A 3 de Novembro entrego novo requerimento solicitando esclarecimentos adequados sobre o facto de não ter sido autorizado a utilizar o Auditório da Biblioteca Municipal de Matosinhos quando ele permaneceu desocupado. A história ainda não foi dada por encerrada.


Biblioteca Almeida Garrett (CM do Porto)

O pedido é feito e imediatamente tratado. Não há disponibilidade para a data pretendida. A hipótese de ter havido uma desistência é verificada. Em quinze minutos obtenho resposta. Sou bem atendido, com eficiência e profissionalismo, ou seja, o meu pedido é tratado de forma correcta, o que merece o meu reconhecimento. Explico de outra forma: o profissionalismo e a correcção são tão raros que merecem uma distinção elogiosa. O que deveria ser banal, sem direito a nenhuma referência, por ser o tratamento esperado é, cada vez mais, uma raridade. O tratamento incorrecto, que assume formas de maior ou menor corrupção é tão vulgarizado que se torna a regra geral. Não é uma clara e perigosa inversão de valores que mostra, à evidência, a podridão contaminante que a nossa passividade ou indiferença permitem e de que muitos se alimentam?

B

Escola Secundária do Padrão da Légua

O Conselho Executivo não autoriza o aluguer das instalações para a sessão de lançamento do livro. É claramente afirmado – verbalmente – que a razão da não autorização está no título e no que se afirma na contracapa do livro.

A 22 de Outubro entrego dois requerimentos pedindo para colocar, na Sala dos Professores, um cartaz e alguns pequenos folhetos anunciando a sessão de lançamento do livro, entretanto marcada para o dia 25, na Escola Secundária Augusto Gomes, em Matosinhos. Cinicamente, as autorizações chegaram, por correio electrónico, no dia 27. Requeiro autorização para afixar essas mensagens, juntamente com o cartaz e os folhetos. Não obtenho resposta.


Escola Secundária da Senhora da Hora

22 de Outubro: uma professora obtém autorização, de um elemento do Conselho Executivo, para colocar na Sala dos Professores umas pequenas tiras de papel anunciando a sessão de lançamento do livro. Nelas figuram o título e um extracto do que vem na contracapa. Alguns minutos depois o Vice-presidente desse mesmo órgão que tinha autorizado a colocação da informação vai ao encontro da professora dizendo que ela não tinha autorização para colocar «aquilo» na escola, nem sequer para estar naquele espaço e que estava a invadir as instalações. Ordenou que se retirasse, imediatamente.
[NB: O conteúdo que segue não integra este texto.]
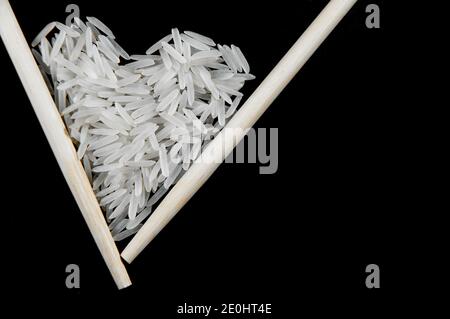 Weißer Reis mit chinesischen Sticks auf schwarzem Hintergrund in Die Form eines Herzens Stockfoto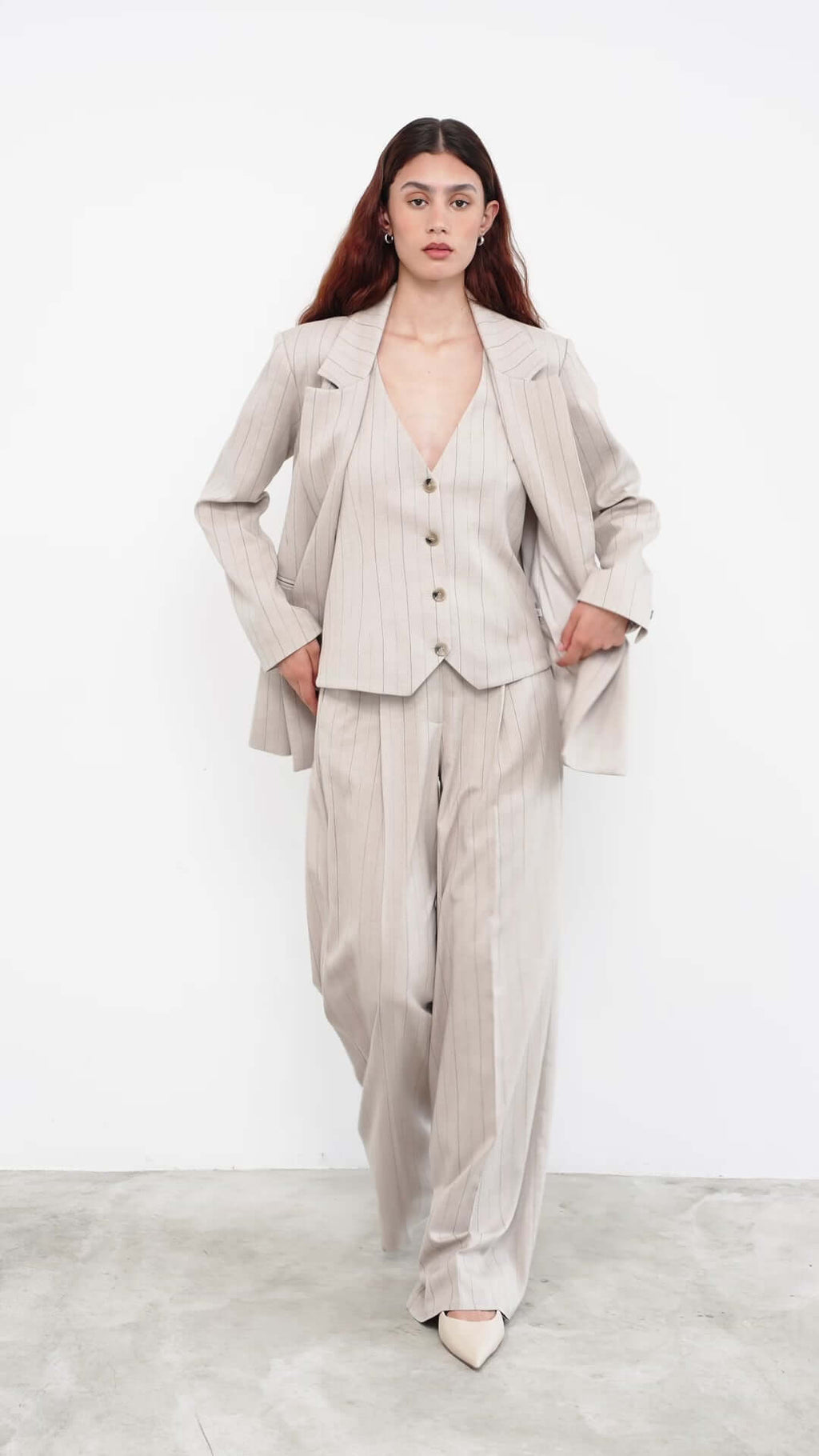 women wearing striped suit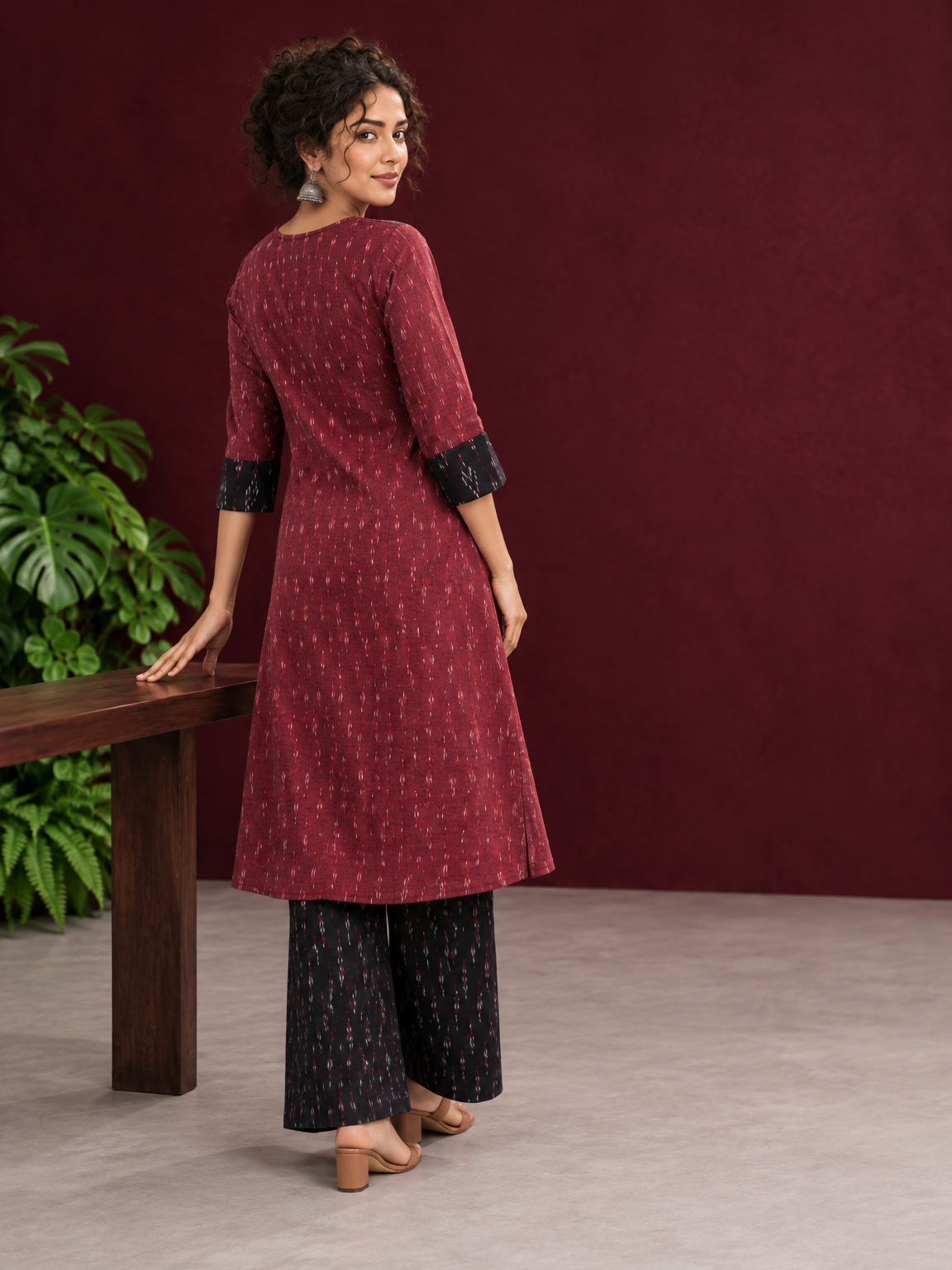 Elegant Maroon Ikat Cotton A Line Kurta With Black Yoke & Ikat Cuff Detailing — back view — view 6
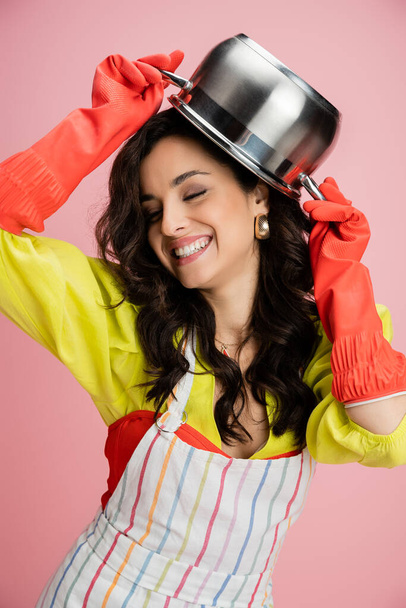 cheerful woman in red rubber gloves having fun while holding saucepan above head isolated on pink - Zdjęcie, obraz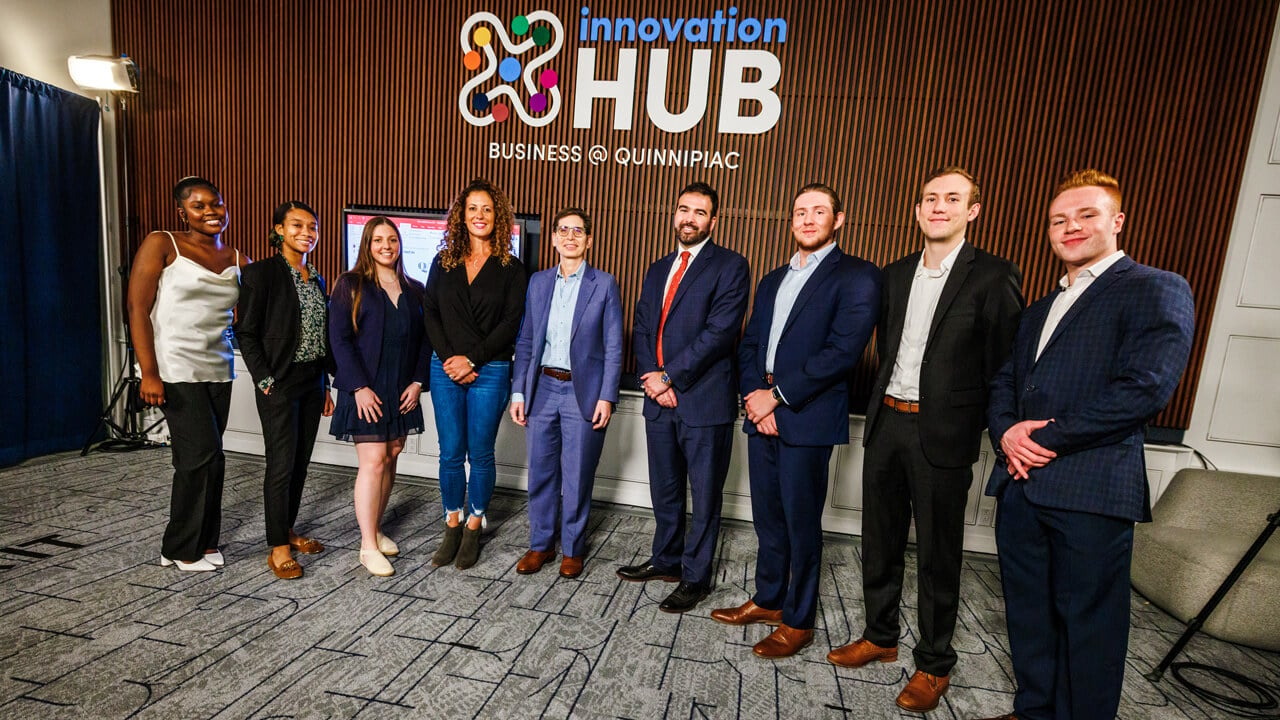 Students posing for a group photo in the Innovation Hub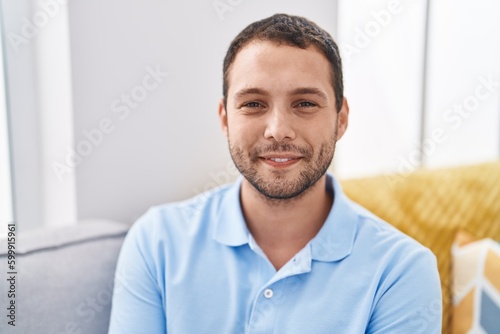Young man smiling confident sitting on sofa at home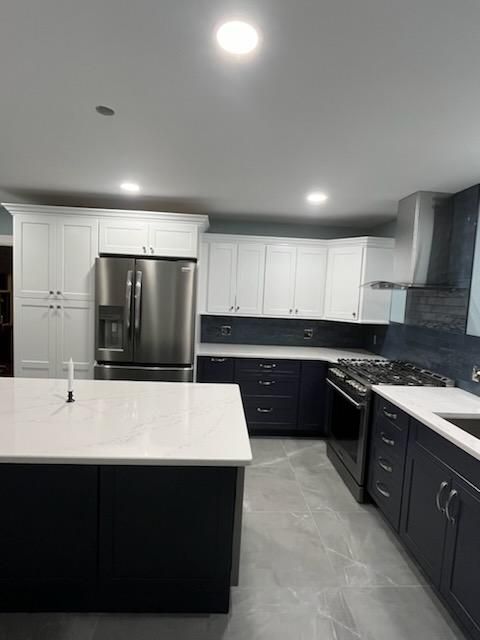 Modern kitchen with white upper cabinets and navy lower cabinets. Stainless steel appliances and a white countertop island.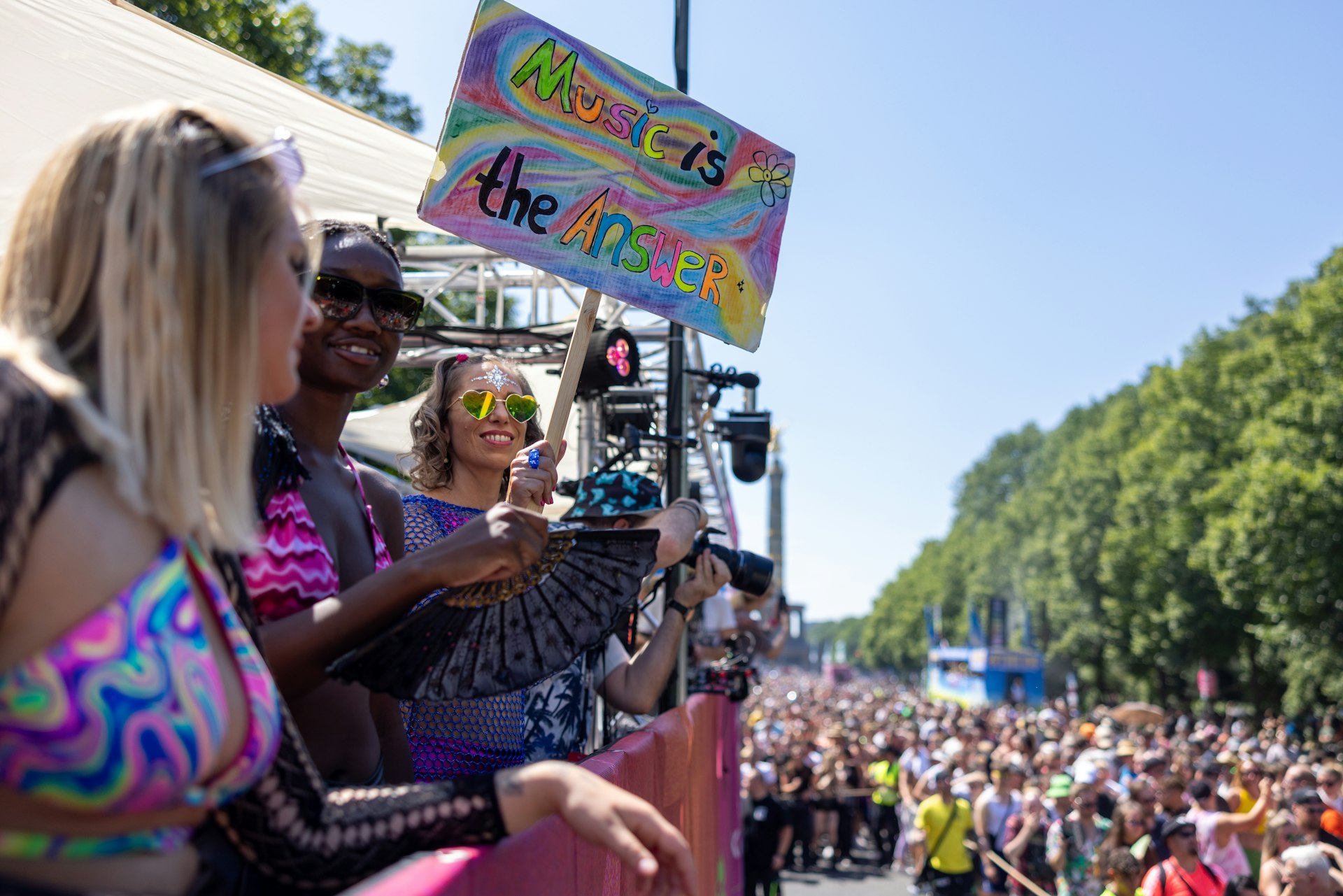  music enthusiasts dance during the Rave the Planet parade in Tiergarten park, Berlin, Germany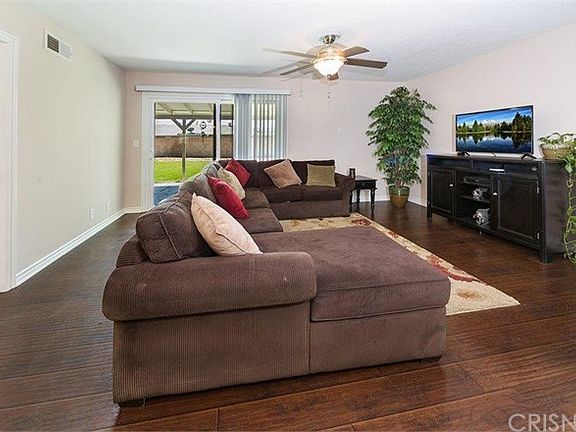 Inviting Living Room w Wood-like flooring and Feng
22 de Outubro de 2008, 35 anos e 6 meses após o 25 de Abril, sob um governo democraticamente eleito, há pessoas que estão à frente de escolas públicas que não autorizam actividades que têm a ver com um acto associado a cultura, ao saber, à liberdade de expressão e portanto à democracia. Estes atentados passam-se em locais onde se formam jovens e se transmitem valores e quem, de forma activa, assim age são professores que dirigem estabelecimentos de ensino.

Na nossa democracia estabilizada, há valores que, perigosamente medram, e têm crescido.
Há formadores de cidadãos, que dirigem estabelecimentos de ensino públicos que não vêem inconveniente em proibirem o que prevêem que possa não agradar a este Governo PS. Pensam que nada lhes pode acontecer de mal pelo facto de exercerem uma acção proibitiva, atentória dos valores democráticos. Mas a questão é muito mais grave: quem assim conscientemente age está convencido que poderá ser prejudicado pelo facto de respeitar os valores da liberdade e da democracia e não o será se os desrespeitar. Podem até prever benefícios pelo facto de não autorizarem alguma coisa que critique o governo. São estes alguns dos valores que o governo e muito particularmente o Ministério da Educação promovem de forma activa – trinta e seis anos e seis meses após os cravos que floresceram em Abril. A situação está analisada, com tristeza e algum detalhe, no livro.

Podem-se mostrar requerimentos entregues ilustrativos dos factos assinalados.